Une AG des gilets jaunes de Pau : l'impossible unanimité

mercredi 5 décembre 2018 à 9:04 Par Daniel Corsand, France Bleu Béarn

200 gilets jaunes de Pau se sont retrouvés ce mardi soir à Billère pour tenter de structurer le mouvement localement. Une assemblée générale animée, où tout le monde tente de s'écouter, à défaut de s'entendre.

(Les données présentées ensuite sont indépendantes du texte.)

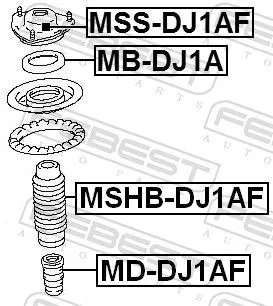 FEBEST Rubber Buffer, suspension (MD-DJ1AF)
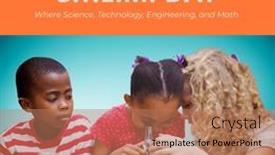  Presentation with math science - Theme enhanced with composite-of-celebrate-stem-day background and a coral colored foreground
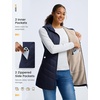 image:imagebaleaf Womens Long Quilted Vest Lightweight Warmth Fleece LinedNavy Blue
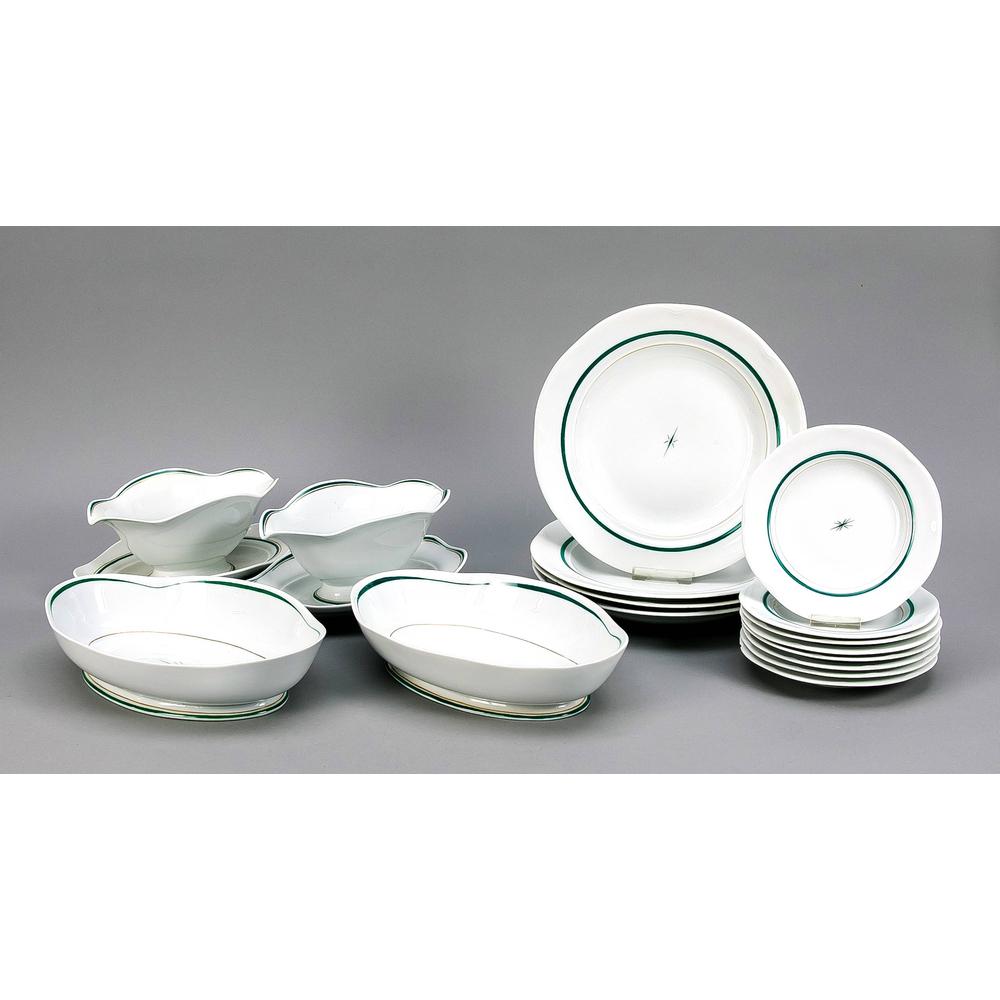 Art Nouveau service, 16 p: Art Nouveau service, 16 pieces, Meissen, 1924-34, 1st quality, designed by Max Esser, green edging with gold rim, 4 dinner plates, 2 chipped, Ø 25 cm, 8 bread plates, 1 chipped, Ø 16, 5 cm, 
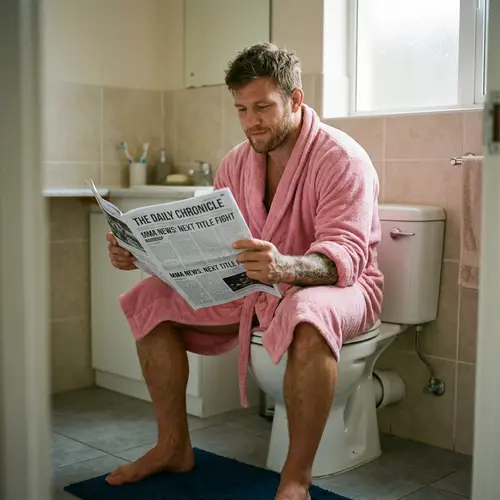 Khabib Nurmagomedov in Pink Bathrobe Reading Newspaper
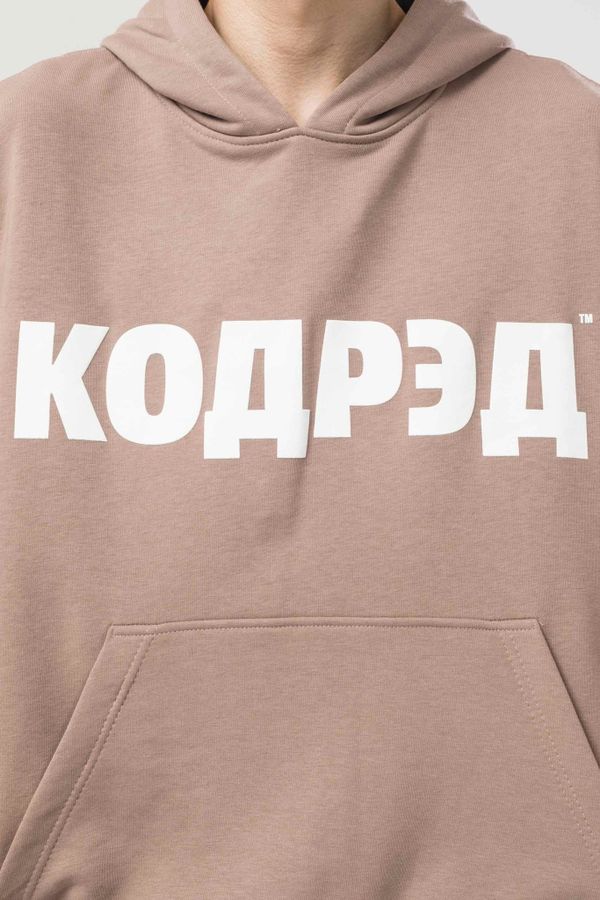 Худи Base Hoodie Wide Summer Лого ТМ Бежевый Темный/Белый принт КОДРЭД - фото 6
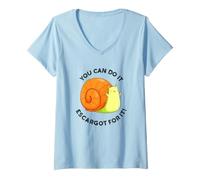 Women's You Can Do It Escargot for It Positive Snail Pun V-Neck T-Shirt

L'AG dans la salle de la lyre tonkinoise à Billère
L'AG dans la salle de la lyre tonkinoise à Billère © Radio France - Daniel Corsand

Billère

"Au moins, on essaye". C'est ce que se dit à lui même un gilet jaune dans l'assistance. La salle municipale de la lyre tonkinoise à Billère est presque trop petite pour accueillir ce qui semble être une assemblée générale des gilets jaunes de Pau. Une première a déjà eu lieu dimanche dernier dans cette même salle. La volonté initiale de cette réunion est clairement d'organiser le mouvement dans la durée. 

"Pas de politique et pas de chef"

Dans la salle on ne fait pas de politique, tout le monde a le droit à la parole, et on y veille. Frédéric qui a présidé la précédente réunion dimanche, a lancé les débats avant de s'effacer pour Patrick, le nouveau président de séance, qui prévient : "ma mission s’arrête ce soir, qu'on se comprenne bien". Personne n'a le même âge, ni le même look et sans doute pas le même vécu citoyen. On décide de ne pas s'applaudir pour qu'on ne se casse pas les oreilles dans cette petite salle. On bouge les mains en l'air comme dans le langage des sourds. À la cantonade on tente de déterminer des groupe thématiques que chacun pourra rejoindre selon ses affinités ou ses compétences : un groupe doléances, un groupe logistique covoiturage, un groupe juridique. Caroline, la secrétaire de séance tente de tout noter. Béné, la "maîtresse du temps" veille à ce que les interventions ne soient pas trop longues. Et puis, il est question du groupe "action". Le mot qui va faire basculer la soirée.

"Qu'est ce qu'on fait samedi? Qu'est ce qu'on veut?"

Beaucoup sont en fait là pour décider de ce qui va être fait samedi prochain. Peu à peu une impatience gagne la salle. Ceux des péages, mais pas seulement eux, veulent décider de l'action pour samedi prochain. Certains trouvent qu'on fait trop de blabla. Ils s'impatientent. Certains veulent des actions coups de poing. Un autre hurle "on est un mouvement pacifiste! Ici on propose". Le ton monte parfois, mais retombe à chaque fois. Chacun veille à ne couper la parole à personne, et quand ça arrive, le groupe fait la police. Mais le débat se focalise sur la journée de samedi. Finalement le groupe "action" va décider dans le secret de ce qui sera fait. Hier soir, il n'a jamais été question des propositions d'Edouard Philippe.